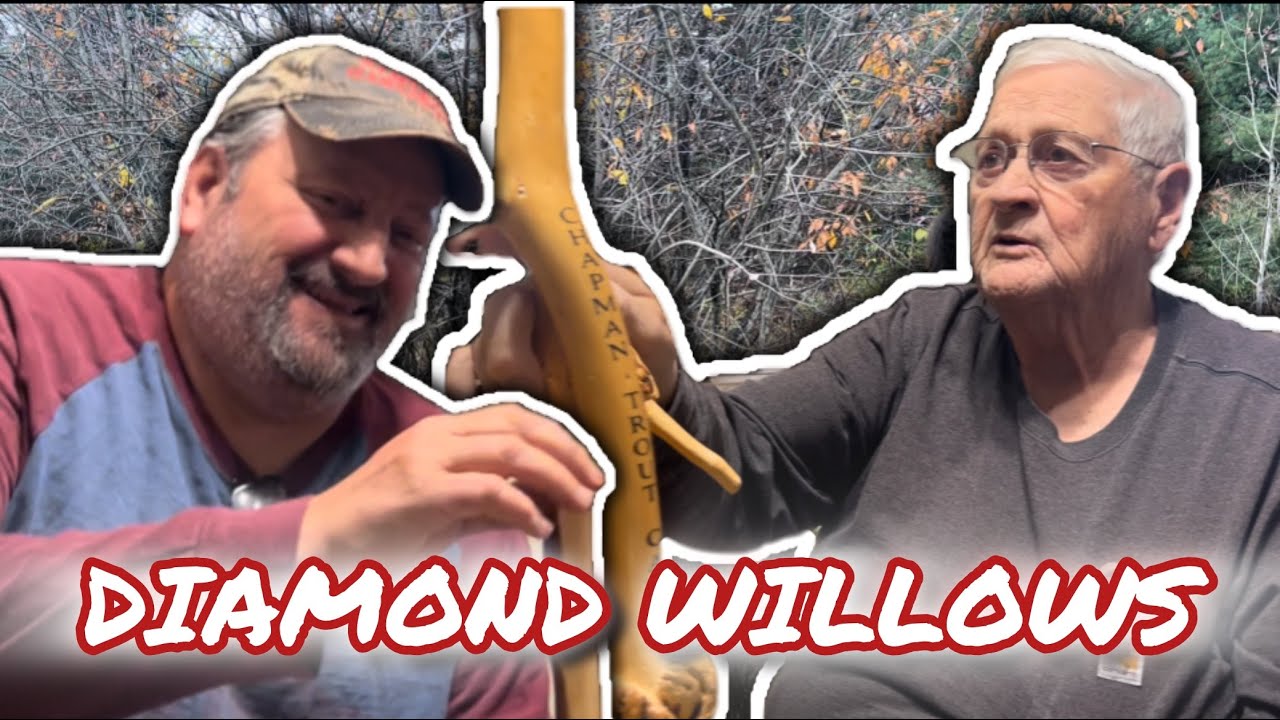 Diamond Willow Walking Sticks  the process and the how to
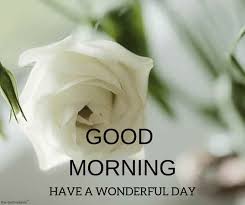 150 Beautiful Good Morning Images Best Collection Good Morning Beautiful Good Morning Wednesday Good Morning Images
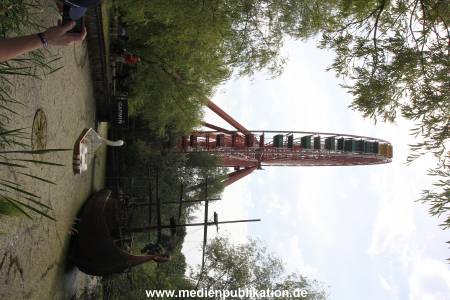 IMG 3721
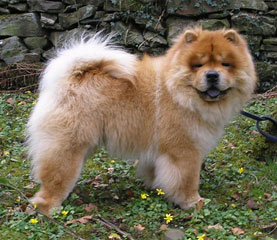 The Chow Chow Club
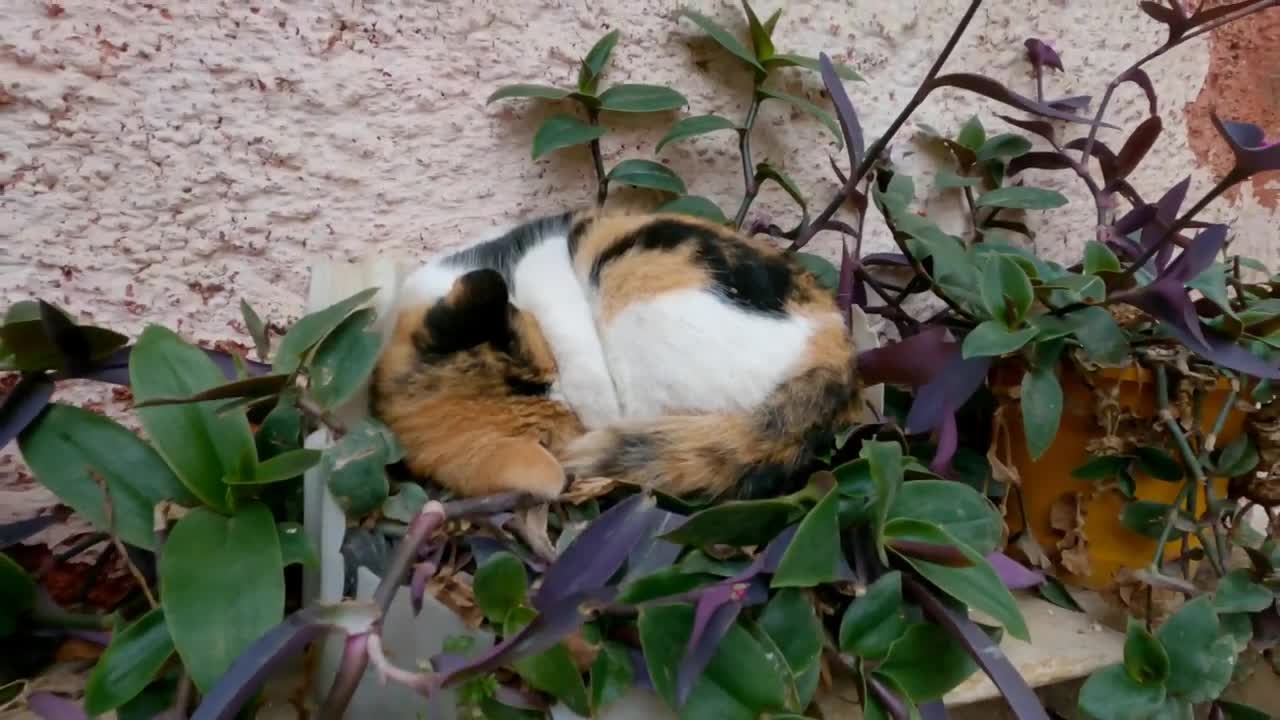 A jealous cat repeatedly hits another cat.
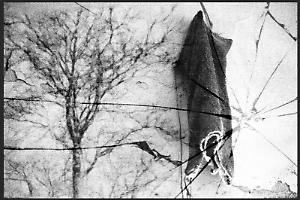 “War. Isn’t it?” di Gemma Rossi: la fotografia che racconta la guerra. Le foto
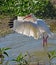 An Ibis flexes it`s wings. A large and varied number of birds make lake Morton a home.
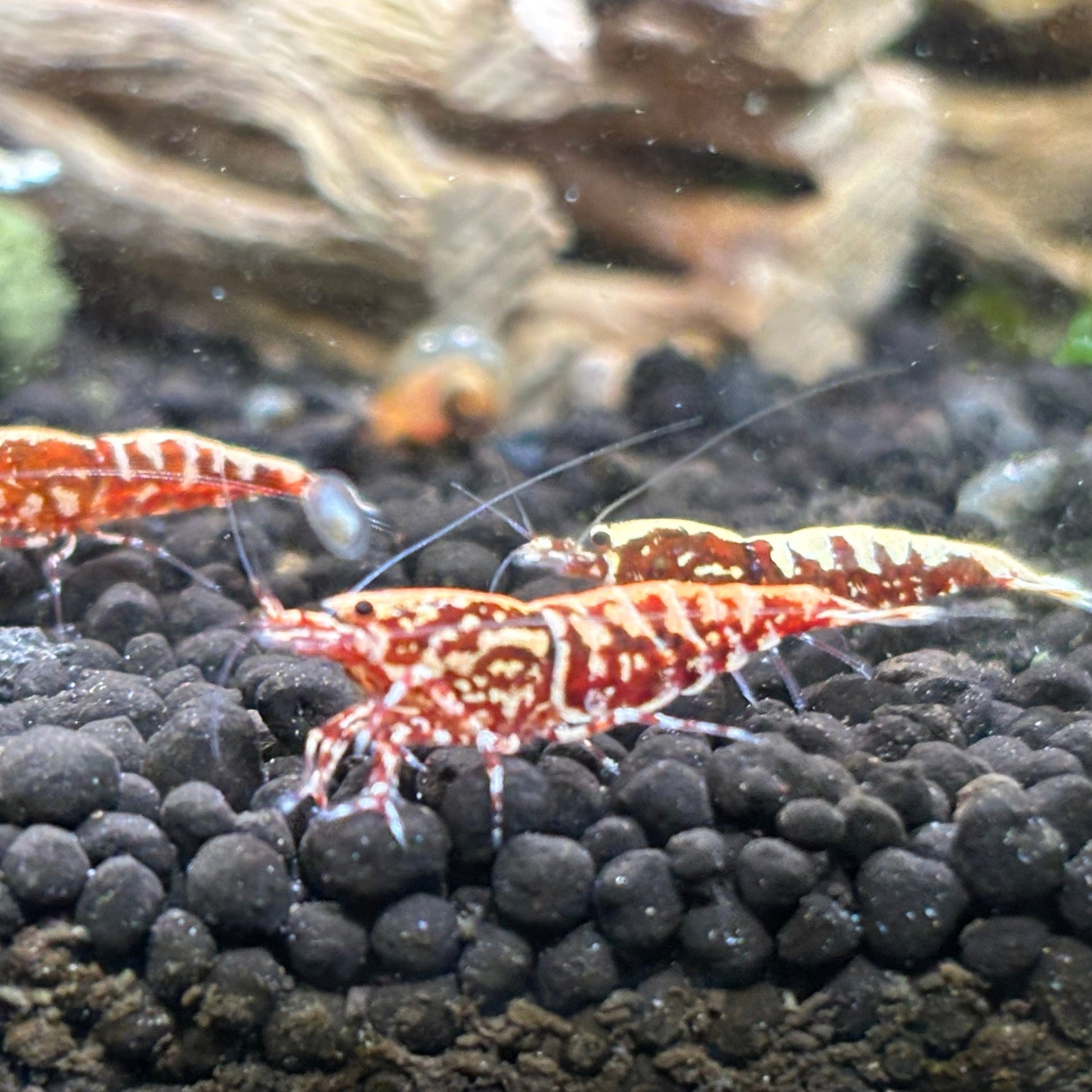 Red Galaxy fishbone caridina shrimp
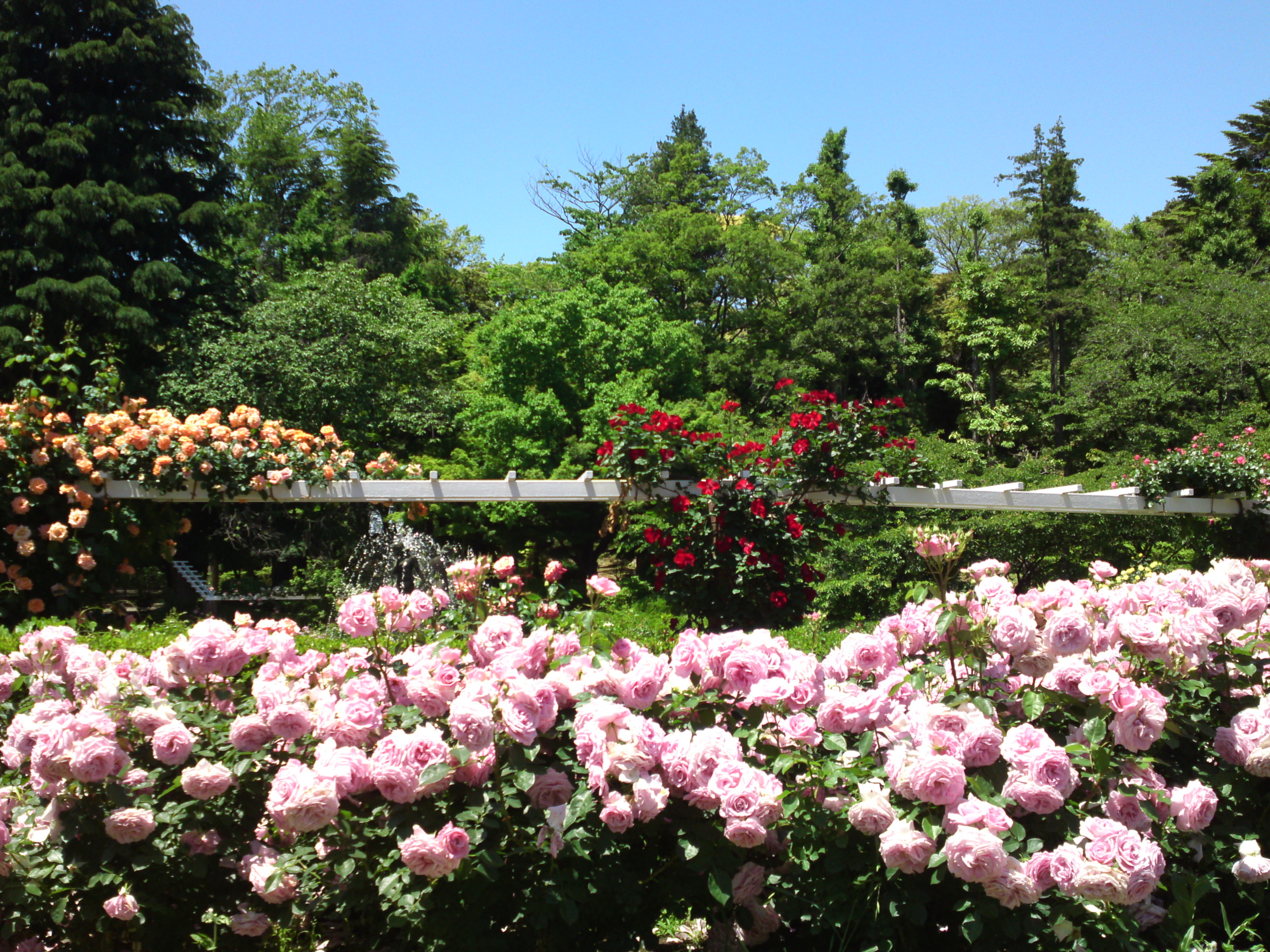 2016年初夏里見公園に咲くバラの写真２１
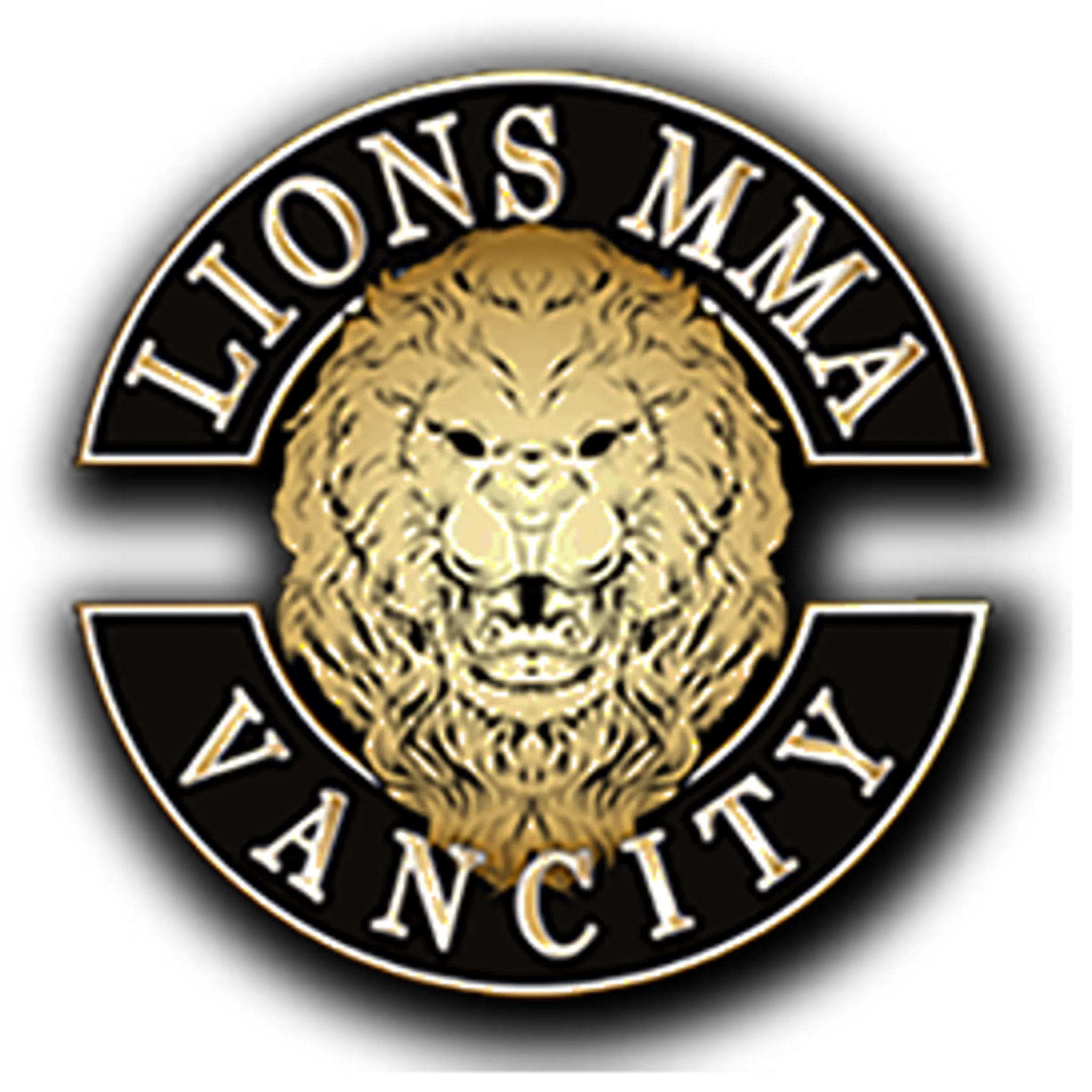 Lions MMA Jiu Jitsu
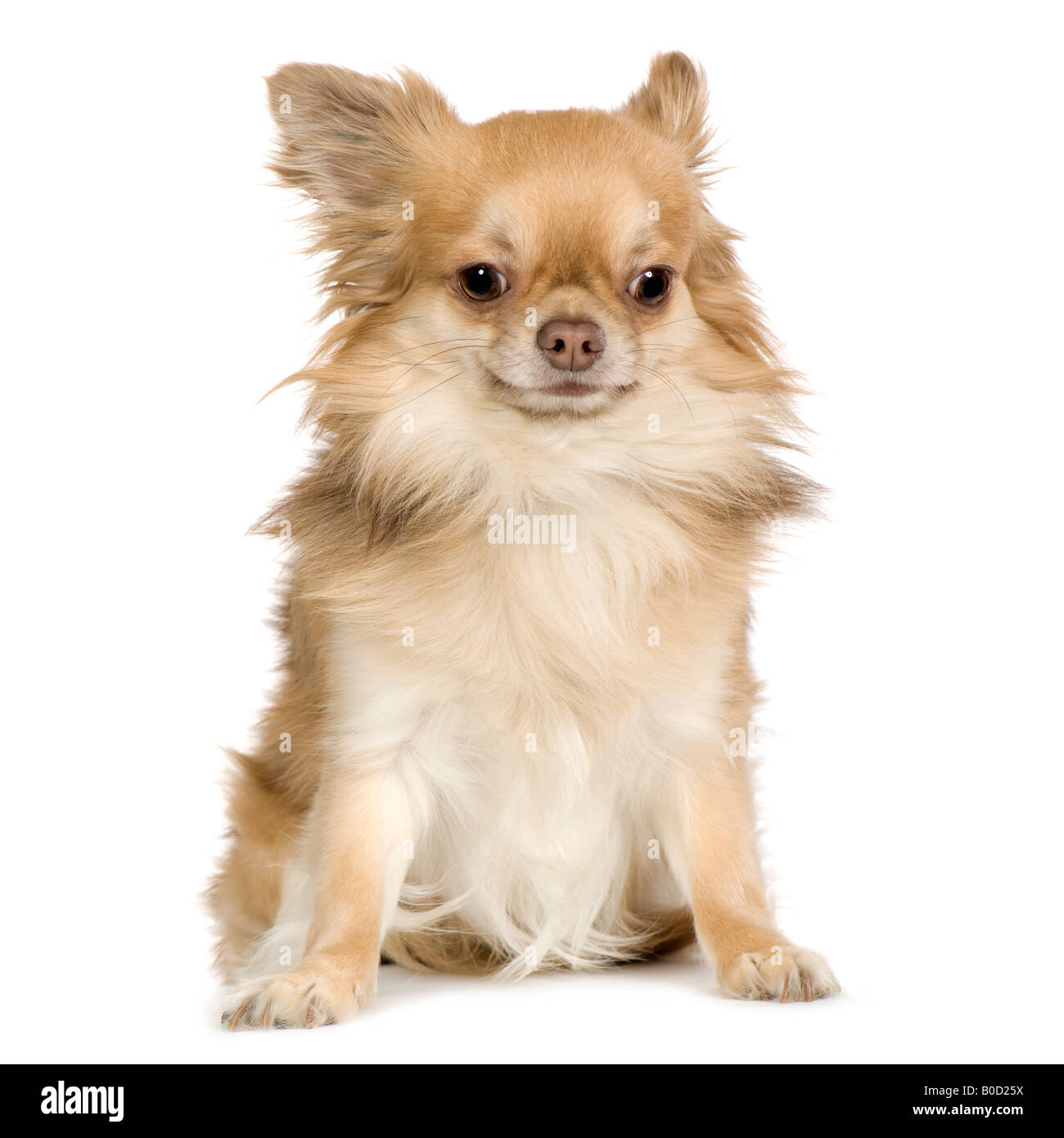 Papillon in front of a white background Stock Photo - Alamy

-------

The records above are to be reproduced exactly; the pictures are to be left out.

 Diamond Willow Walking Sticks  the process and the how to
 150 Beautiful Good Morning Images Best Collection Good Morning Beautiful Good Morning Wednesday Good Morning Images
 IMG 3721
 The Chow Chow Club
 A jealous cat repeatedly hits another cat.
 “War. Isn’t it?” di Gemma Rossi: la fotografia che racconta la guerra. Le foto
 An Ibis flexes it`s wings. A large and varied number of birds make lake Morton a home.
 Red Galaxy fishbone caridina shrimp
 2016年初夏里見公園に咲くバラの写真２１
 Lions MMA Jiu Jitsu
 Papillon in front of a white background Stock Photo - Alamy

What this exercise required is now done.